Obviamente, la religión se antepone a cualquier otra cosa: «Hacíamos la típica cultura religiosa de ejercicios espirituales… La idea de que si cometías un pecado te podías ir al infierno… Era la típica tradición que había en España en ese momento, en una Iglesia muy tradicional. El colegio estaba muy metido en esa cultura».16 Paquita se distingue por su fervor y también por su buena conducta, seguramente ayudada por su timidez, acentuada por las dificultades de adaptación al nuevo colegio:

Llegué a ser medallón, que era el máximo reconocimiento al buen comportamiento de conducta y estudios, y aquel mérito venía acompañado con ser la «campanera» del colegio, es decir, tocar la campana cuando era la hora de terminar las clases, el momento de recreo o el tiempo destinado a los estudios.17

La buena conducta —entendida como un ideal de niña obediente y modosa— no es una de las virtudes que adornan a Cristina, que asiste, tanto en Badajoz como posteriormente en Madrid, a donde llega con doce años, a un colegio de monjas del Santo Ángel. Era una joven sin preocupaciones y aplicada que «estudiaba a gusto, tenía buenas notas, no me planteaba problemas de ningún género», aunque reconoce que no era de comportamiento fácil y ya apuntaba maneras perturbadoras del orden impuesto: «En el colegio yo era de las niñas más malas y desobedientes, eso me daba un cierto liderazgo porque no me traumatizaban tanto las monjas. Yo creo que las traumatizaba más yo a ellas».

Paquita y Cristina crecen en familias de estricta observancia católica. Manuela, en cambio, proviene de una familia en la que las inquietudes religiosas están ausentes. Las tres serán, en los años de pubertad y adolescencia, fervientes católicas acordes con la educación que reciben en sus respectivos colegios. Pero en tanto que esto resulta exento de contradicciones para las dos primeras, cuyo entorno favorece que germine la fe en ellas, en Manuela se produce una disonancia entre el colegio de monjas y el ambiente doméstico en el que está creciendo. En casa nadie se preocupa por el cine que ve o las novelas que lee. Todo les parece cultura y, por tanto, beneficioso. Pero en el colegio descubre que existe un Índice de obras prohibidas y que Los tres mosqueteros figura entre ellas y, según le dice el cura, debe quemar el libro, que acaba yendo a parar a la caldera a escondidas de su madre. No es que ella viera pecado en el libro, como no lo veía en la ingesta de chorizo los viernes o en Cuaresma, pero la forma abrupta en que la niña entra en contacto con la religiosidad es algo muy imperativo, que no admite dudas y cuya transgresión trae consecuencias terribles. Se trata, por otra parte, del modo común en que por entonces se concibe la educación y se inculcan los valores morales: a través del miedo. Miedo al castigo, miedo al infierno, dentro de un oscurantismo religioso perfectamente concordante con el terror político que impera en el país. La anomalía está precisamente en familias como la de los Carmena-Castrillo, donde se respira un ambiente que, aun no siendo explícitamente desafecto, sí resulta eficazmente contradictorio por omisión, por la ausencia de afán represivo e inquisitorial. La esfera doméstica se contrapone de este modo silencioso, tácito, a lo que le rodea en una sociedad atenazada por miedos de toda índole, terrenales y sobrenaturales.

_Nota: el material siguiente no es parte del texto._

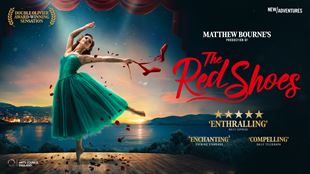 Official poster for The Red Shoes featuring a ballerina holding red ballet shoes with red text opposite.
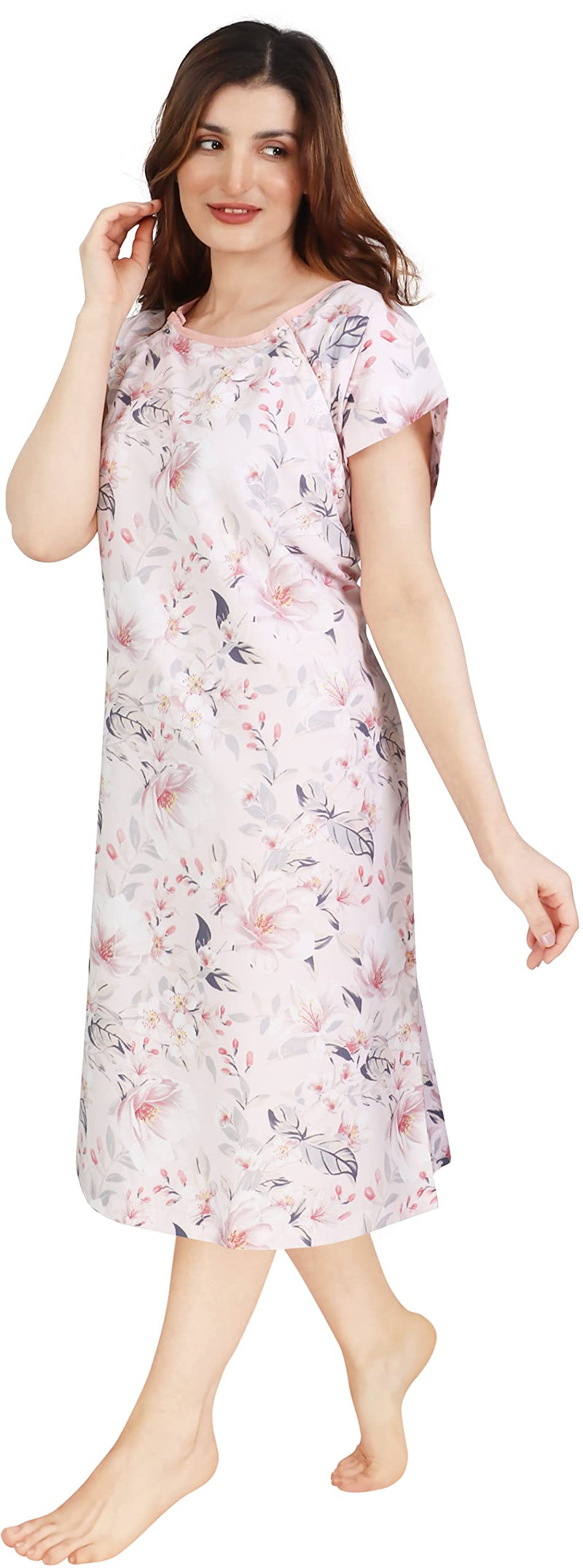 [Australia - AusPower] - NY Threads Women's Hospital Gown Soft and Stylish Patient Gown Large-X-Large White Rose - Pink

Esta actitud de distancia se rodea al mismo tiempo de prudencia. De ahí la elección de un colegio religioso para la educación de las dos hijas menores, cuando la hermana mayor había ido a uno laico, heredero, además, del espíritu de la Institución Libre de Enseñanza (el azar quiso que este colegio perteneciera a la familia de Fernando Ontañón, marido de la abogada María Luisa Suárez, con quien tanto Manuela Carmena como Cristina Almeida dieron sus primeros pasos como laboralistas). Pero algún instinto de protección llevó a los padres a preferir para sus dos hijas menores un colegio religioso, tan poco acorde con su notoria falta de fervor. Aun dentro de esto, la decisión se inclina por un colegio regentado por monjas francesas, Saint Maur de las Damas Negras. Entre el deseo del padre de mandarlas a un centro religioso y el de la madre de que aprendieran francés, esta fue la solución de compromiso para un asunto de importancia capital en una familia en la que la educación y la cultura son valoradas en grado sumo. El aprendizaje del idioma no es la única ventaja que Manolita encuentra en ese colegio para niñas «de buena familia» porque las monjas se mostraban en general menos rígidas e integristas de lo que cabía esperar. Tampoco el ambiente del colegio podría ser considerado propiamente franquista. Las exaltaciones del régimen no forman parte de su parafernalia y, en general, lo relacionado con el falangismo es tratado más bien como algo rancio y ordinario, de cierto mal gusto para el tono selecto de la educación que allí se imparte. Pese a todo, el miedo no dejará de hacer su aparición a través de una educación religiosa que se apoya en infundir en las mentes infantiles un «temor de Dios» que resulta más bien tenebroso.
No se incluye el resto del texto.